══ Data shown ══

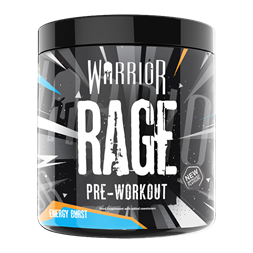 Warrior Rage 392g Energy Burst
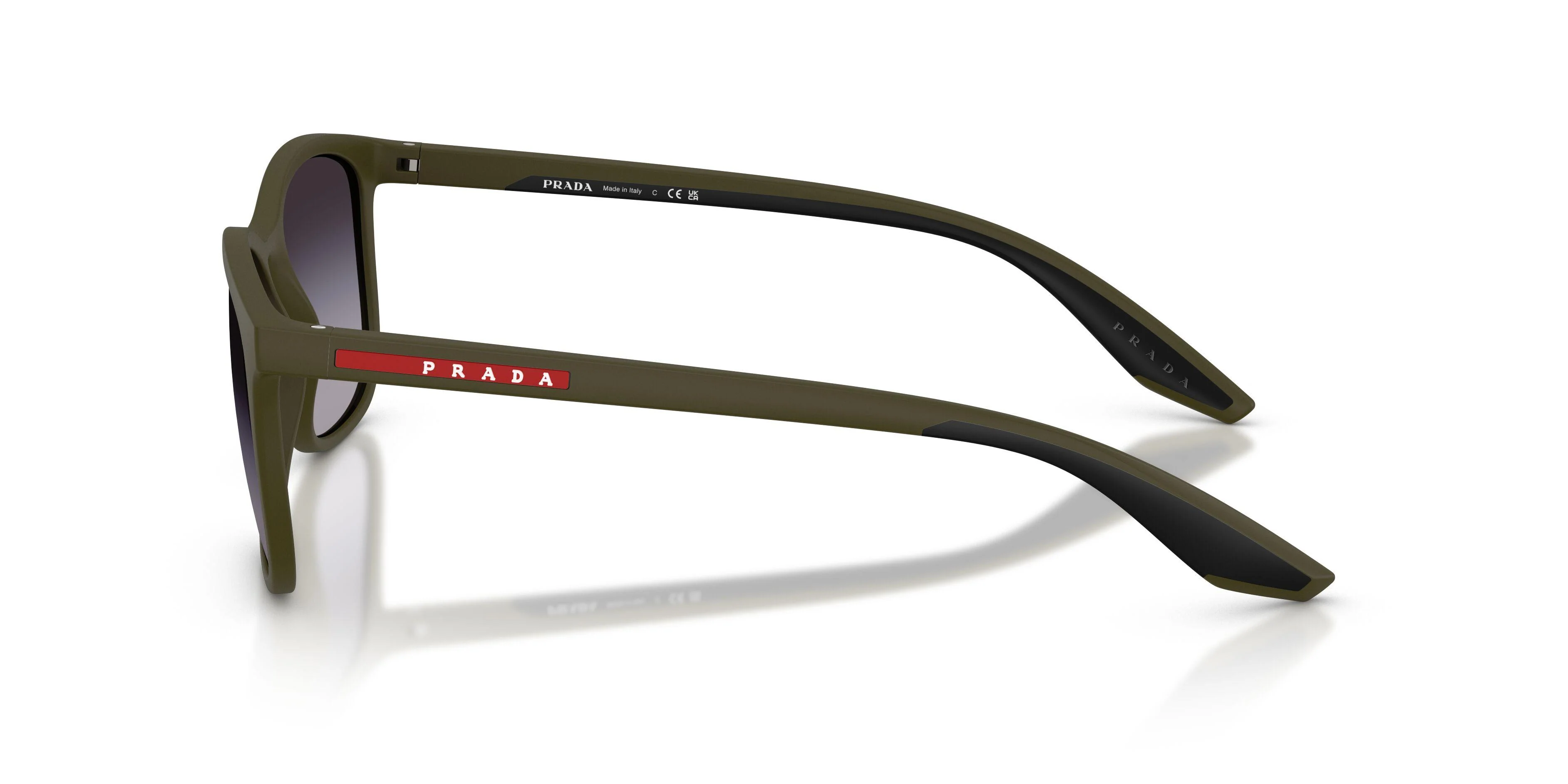 Prada Linea Rossa A08S Sunglasses - Image 7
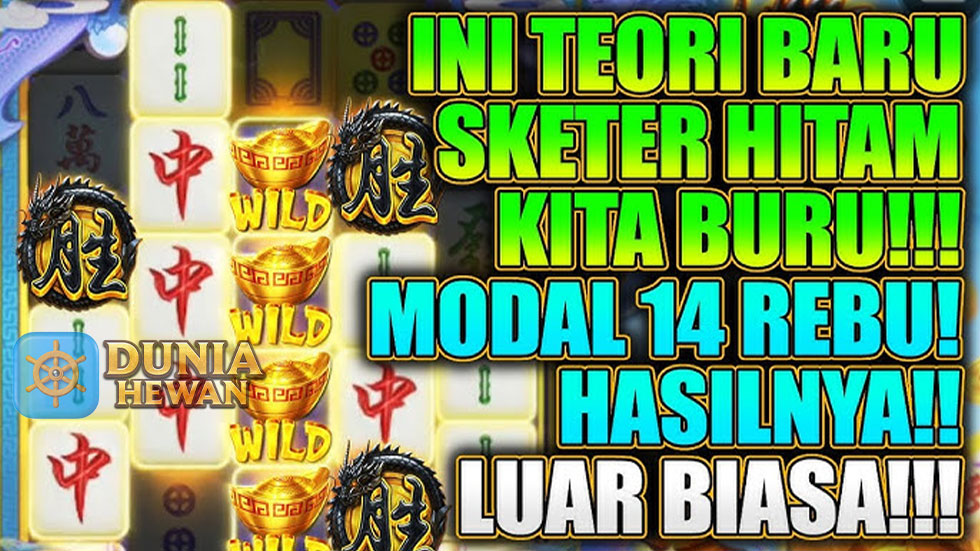 Agen Slot Penyedia Scatter Hitam Keuntungan Bermain Slot Gacor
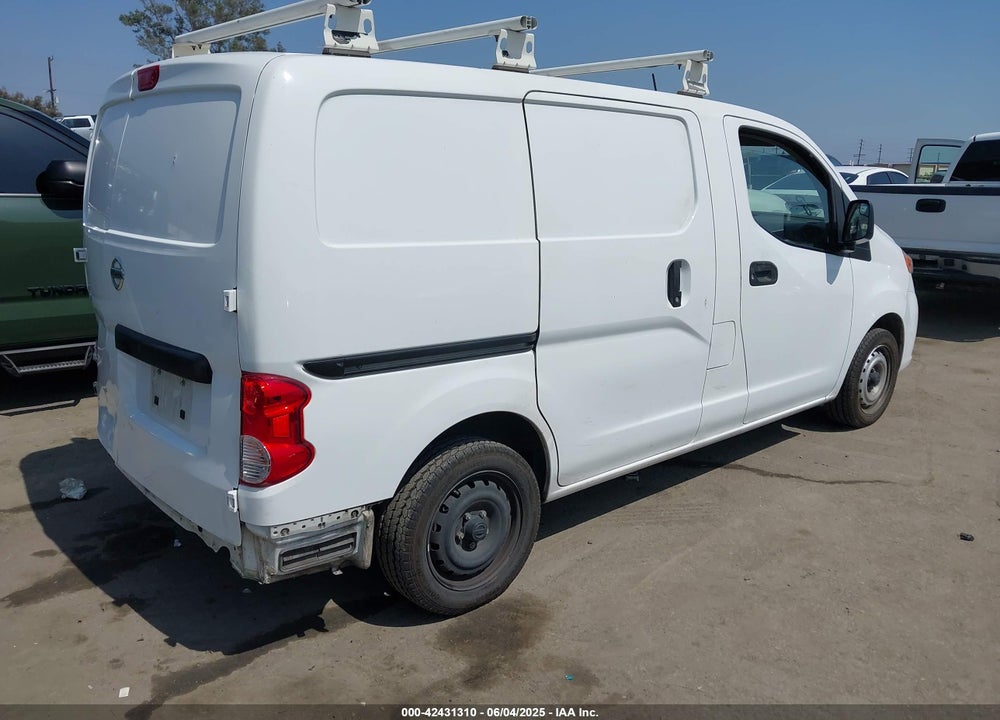 2020 NISSAN NV200  CARGO S XTRONIC CVT VIN: 3N6CM0KN3LK704066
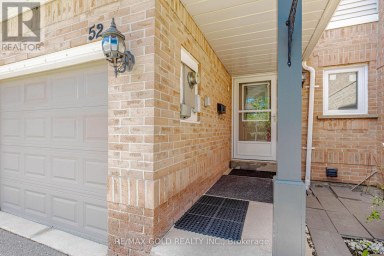 52 WICKSTEAD COURT Brampton (Sandringham-Wellington) Ontario photo 3
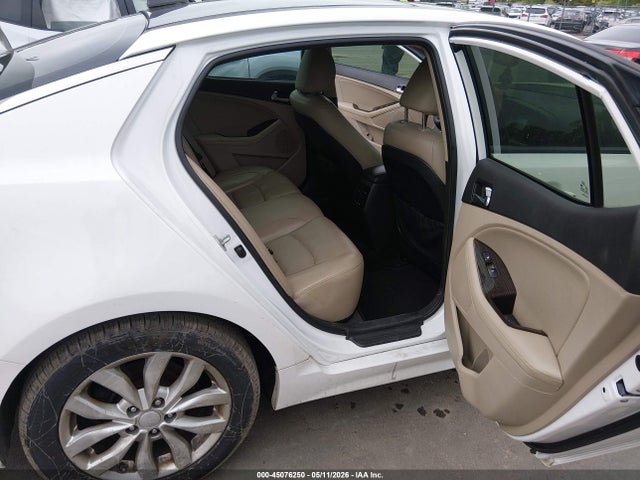 Продаж на аукціоні авто 2014 Kia Optima Ex, vin: 5XXGN4A77EG334289, номер лоту: 45076250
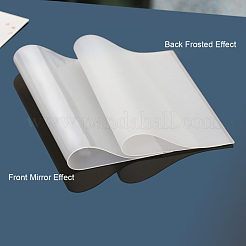 Non-slip Heat Resistant Reusable Silicone Mat&nbsp;X-DIY-E032-05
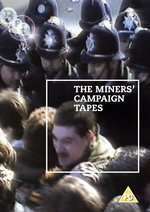 The Miners' Campaign Video Tapes: The Lie Machine Box Art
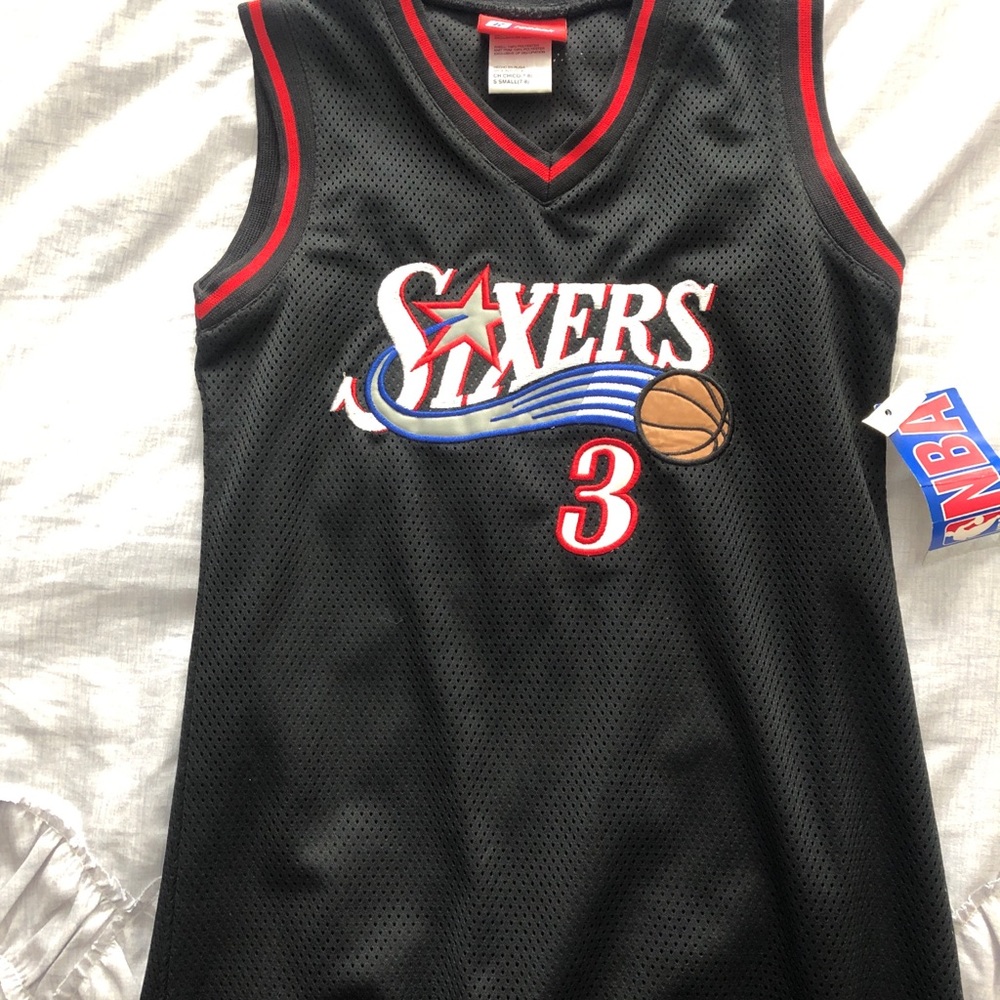 Allen Iverson Jersey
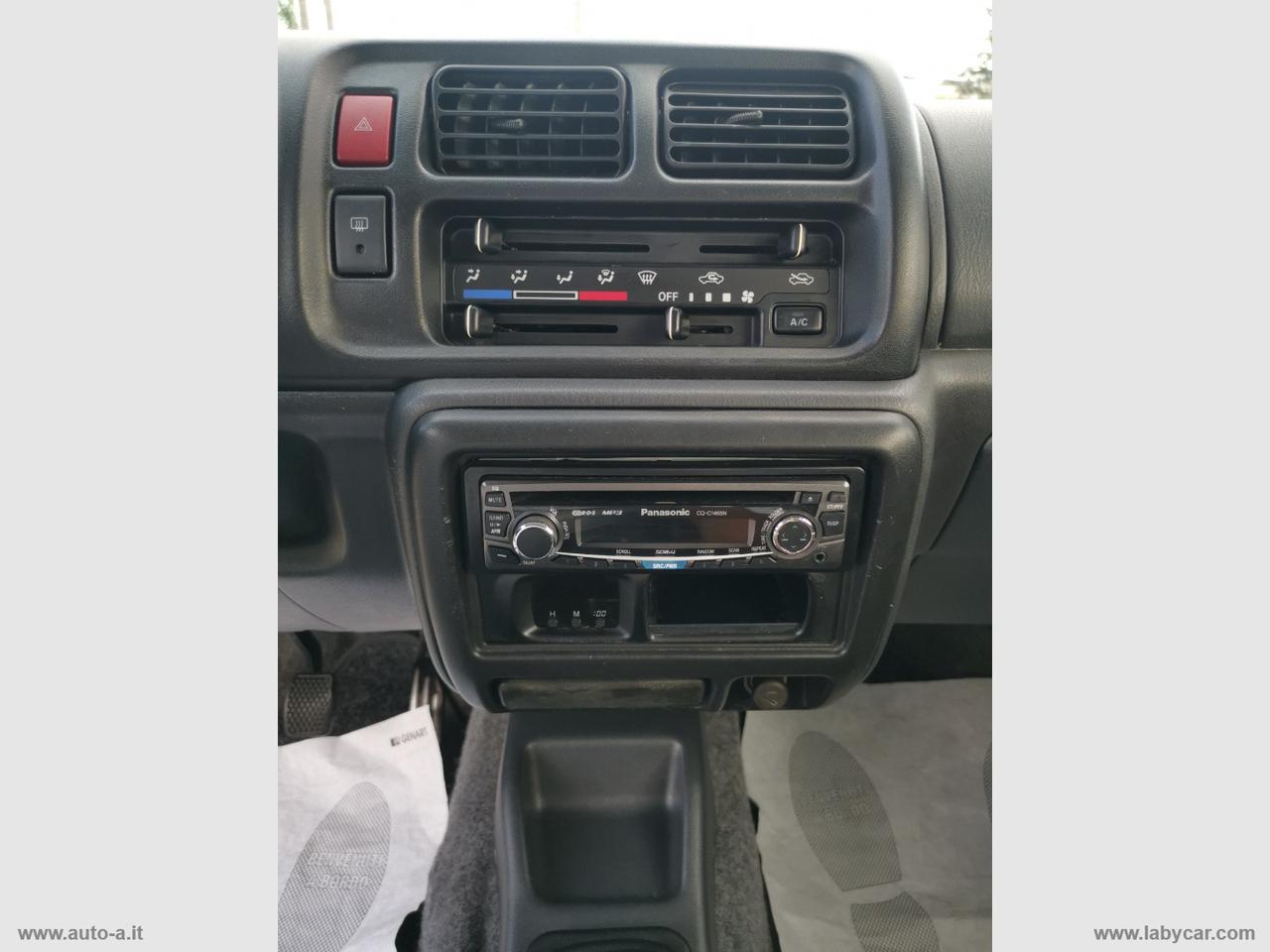 SUZUKI Jimny 1.3 4WD JLX Special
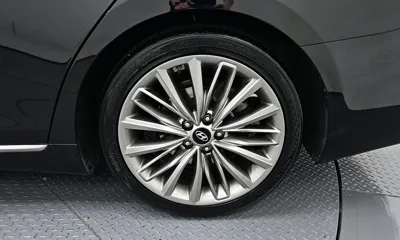 Hyundai Grandeur 2019, 114027 км, за 16000000 KRW - фото 21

═══

◆ **Task requirements**
Give again, word for word, each line from the one holding "Allen Iverson Jersey" through the end of the entries, and leave out any picture.

◆ **Written response**
 Allen Iverson Jersey
 SUZUKI Jimny 1.3 4WD JLX Special
 Hyundai Grandeur 2019, 114027 км, за 16000000 KRW - фото 21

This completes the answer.